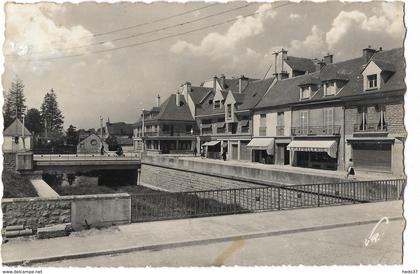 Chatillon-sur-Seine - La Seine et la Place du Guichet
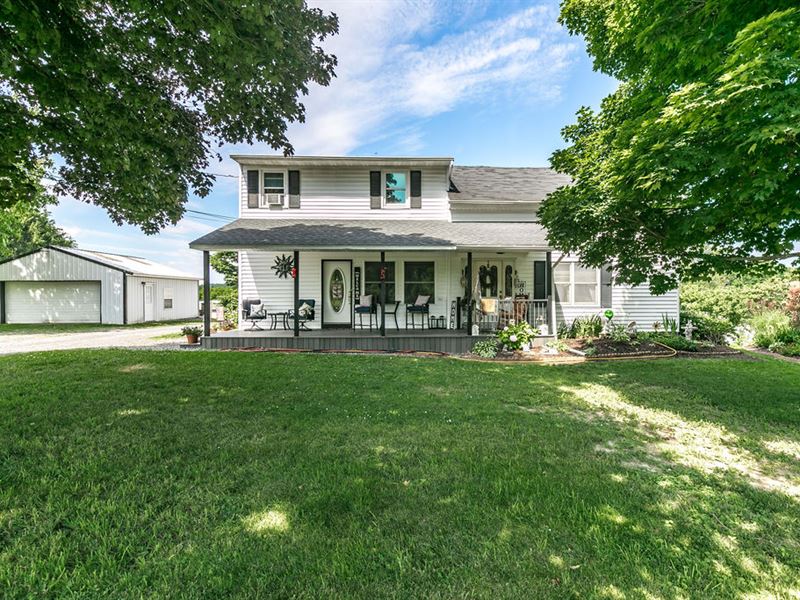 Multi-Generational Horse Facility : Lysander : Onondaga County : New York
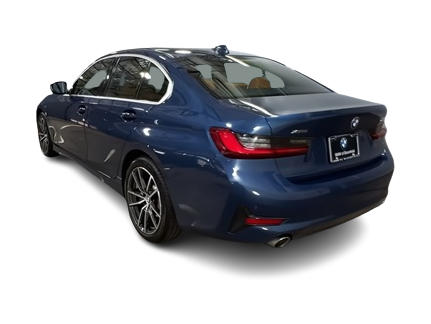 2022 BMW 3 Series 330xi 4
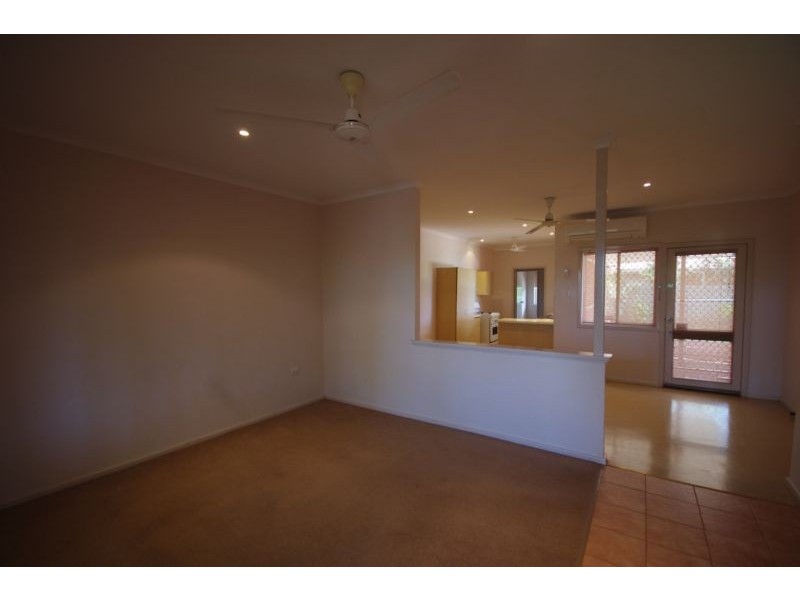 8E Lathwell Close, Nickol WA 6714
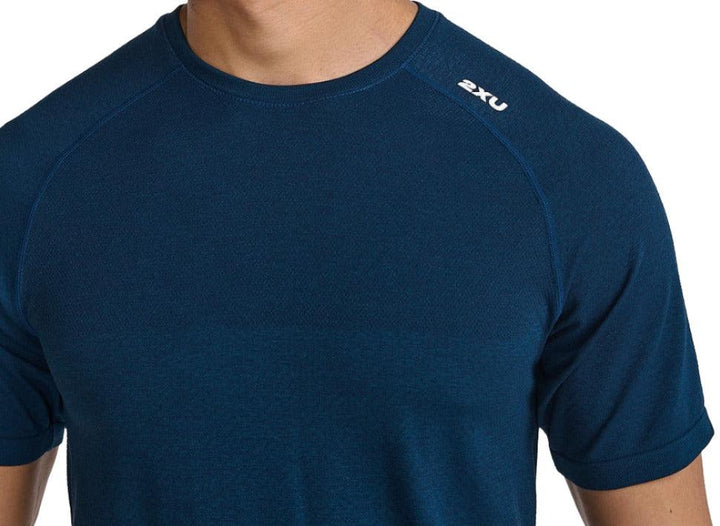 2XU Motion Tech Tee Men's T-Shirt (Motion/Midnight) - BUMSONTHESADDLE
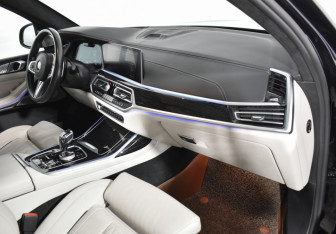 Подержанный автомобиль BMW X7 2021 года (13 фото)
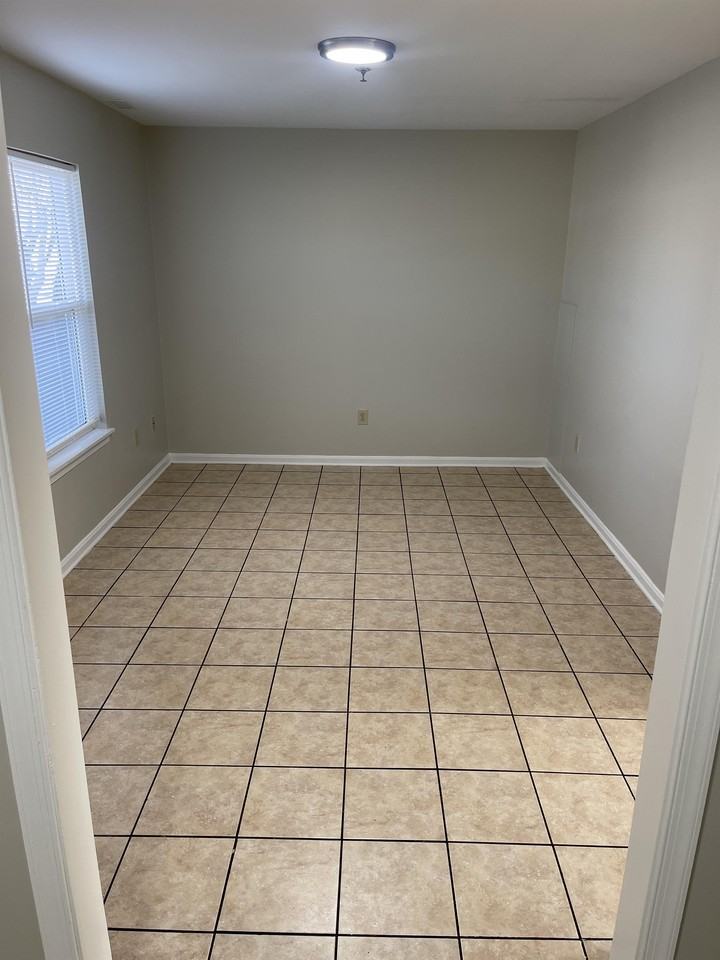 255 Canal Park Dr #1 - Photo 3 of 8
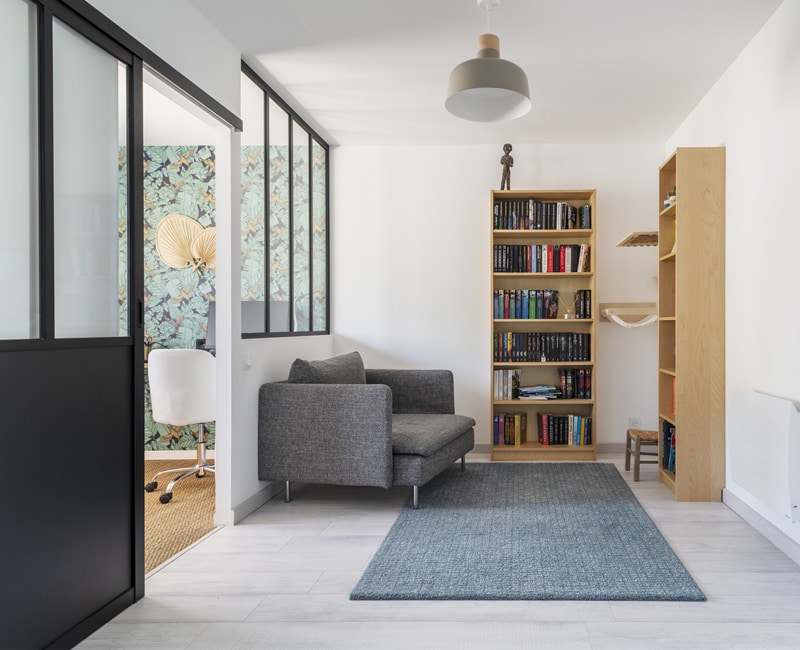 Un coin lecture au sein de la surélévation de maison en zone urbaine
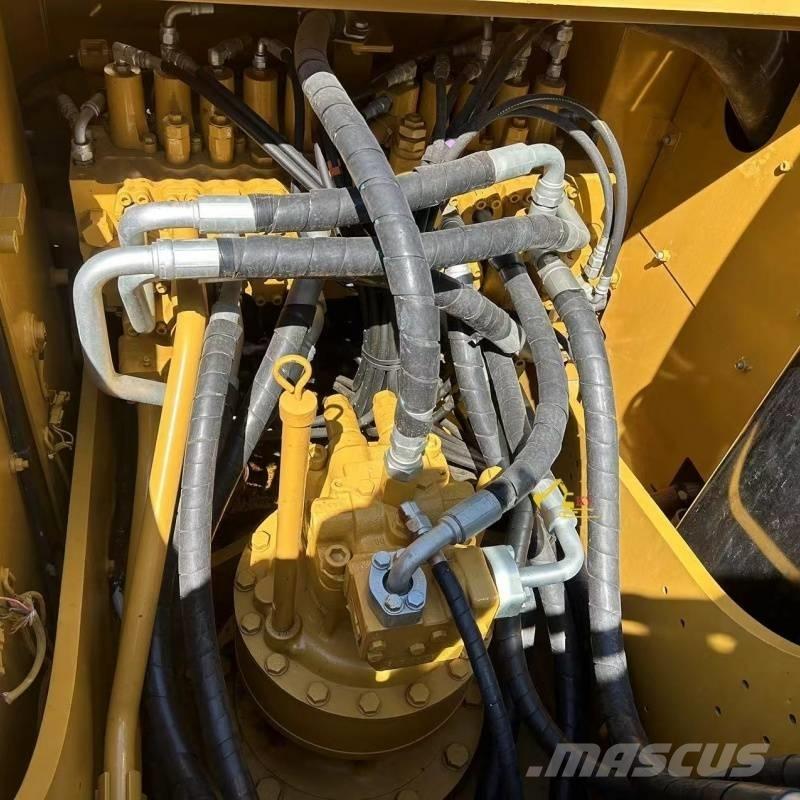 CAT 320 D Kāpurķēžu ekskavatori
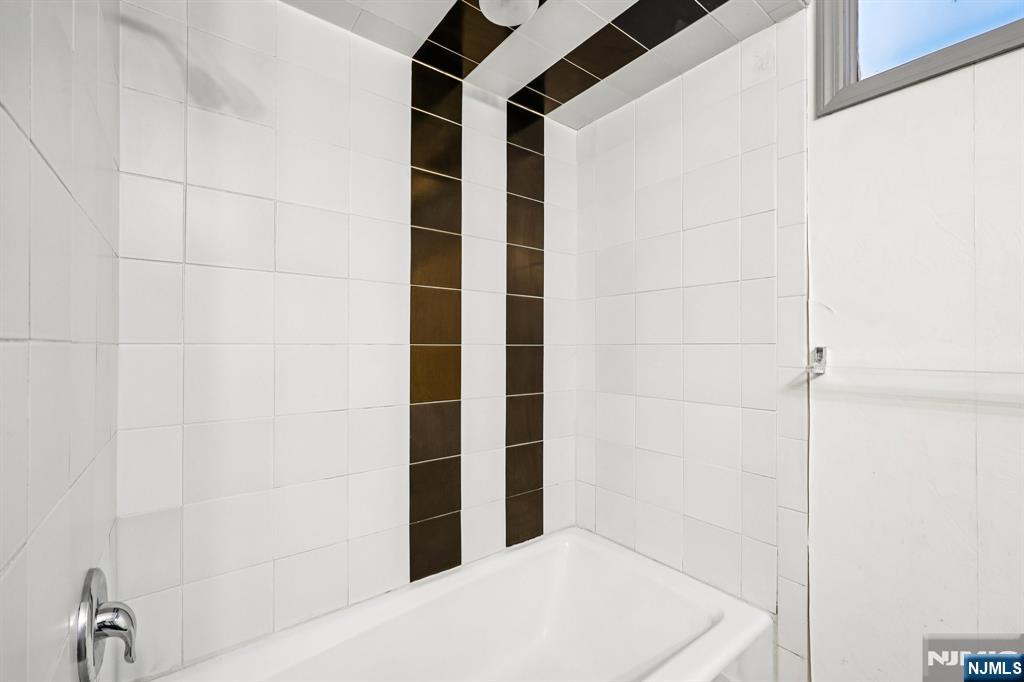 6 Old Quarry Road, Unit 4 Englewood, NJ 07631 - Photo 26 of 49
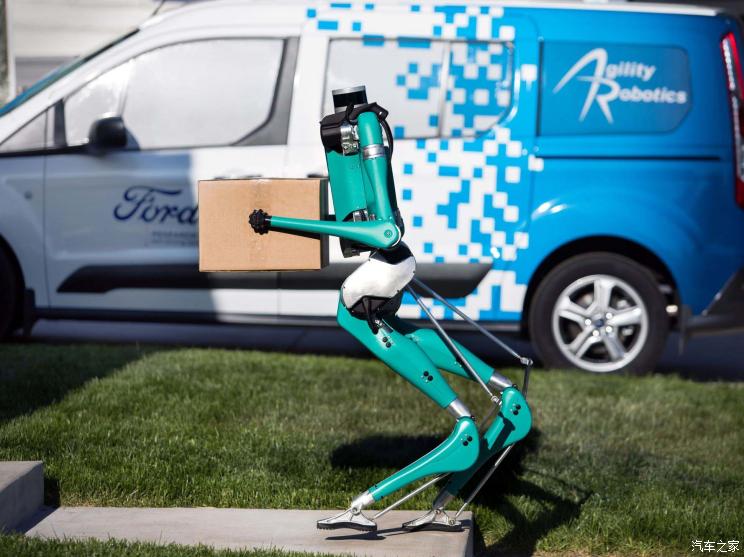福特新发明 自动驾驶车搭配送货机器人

------

→ Activity
When copying the listing, skip the pictures and keep each line exactly as written.

→ Output
 Chatillon-sur-Seine - La Seine et la Place du Guichet
 Multi-Generational Horse Facility : Lysander : Onondaga County : New York
 2022 BMW 3 Series 330xi 4
 8E Lathwell Close, Nickol WA 6714
 2XU Motion Tech Tee Men's T-Shirt (Motion/Midnight) - BUMSONTHESADDLE
 Подержанный автомобиль BMW X7 2021 года (13 фото)
 255 Canal Park Dr #1 - Photo 3 of 8
 Un coin lecture au sein de la surélévation de maison en zone urbaine
 CAT 320 D Kāpurķēžu ekskavatori
 6 Old Quarry Road, Unit 4 Englewood, NJ 07631 - Photo 26 of 49
福特新发明 自动驾驶车搭配送货机器人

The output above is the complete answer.